| THE DATA |
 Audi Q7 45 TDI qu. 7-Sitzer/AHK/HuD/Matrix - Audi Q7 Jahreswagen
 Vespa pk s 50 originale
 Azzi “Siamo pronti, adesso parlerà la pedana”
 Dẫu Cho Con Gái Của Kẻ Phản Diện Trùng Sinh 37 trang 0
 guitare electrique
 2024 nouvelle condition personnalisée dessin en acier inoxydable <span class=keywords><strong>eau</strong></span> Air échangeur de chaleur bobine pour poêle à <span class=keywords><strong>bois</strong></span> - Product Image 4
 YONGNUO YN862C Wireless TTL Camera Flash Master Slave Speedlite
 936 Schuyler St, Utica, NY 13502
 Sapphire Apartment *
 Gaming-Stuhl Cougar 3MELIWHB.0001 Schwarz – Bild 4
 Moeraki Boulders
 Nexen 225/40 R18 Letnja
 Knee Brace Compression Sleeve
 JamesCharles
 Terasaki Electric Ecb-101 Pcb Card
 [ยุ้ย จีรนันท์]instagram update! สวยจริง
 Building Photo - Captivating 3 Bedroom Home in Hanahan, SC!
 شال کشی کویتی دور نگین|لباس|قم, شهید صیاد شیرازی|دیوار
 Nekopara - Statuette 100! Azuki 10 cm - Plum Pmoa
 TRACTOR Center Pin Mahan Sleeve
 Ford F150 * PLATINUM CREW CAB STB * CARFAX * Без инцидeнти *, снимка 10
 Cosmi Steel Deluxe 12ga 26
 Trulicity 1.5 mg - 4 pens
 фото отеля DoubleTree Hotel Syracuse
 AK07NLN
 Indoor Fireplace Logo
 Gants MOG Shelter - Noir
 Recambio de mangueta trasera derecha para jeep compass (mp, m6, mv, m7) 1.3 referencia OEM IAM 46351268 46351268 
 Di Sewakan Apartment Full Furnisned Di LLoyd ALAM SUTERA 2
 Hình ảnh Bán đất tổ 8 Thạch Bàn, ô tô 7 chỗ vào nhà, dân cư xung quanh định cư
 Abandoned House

| EXERCISE BRIEF |
If a line in the data above contains "Apartment", return that line.

| ANSWER BELOW |
 Sapphire Apartment *
 Di Sewakan Apartment Full Furnisned Di LLoyd ALAM SUTERA 2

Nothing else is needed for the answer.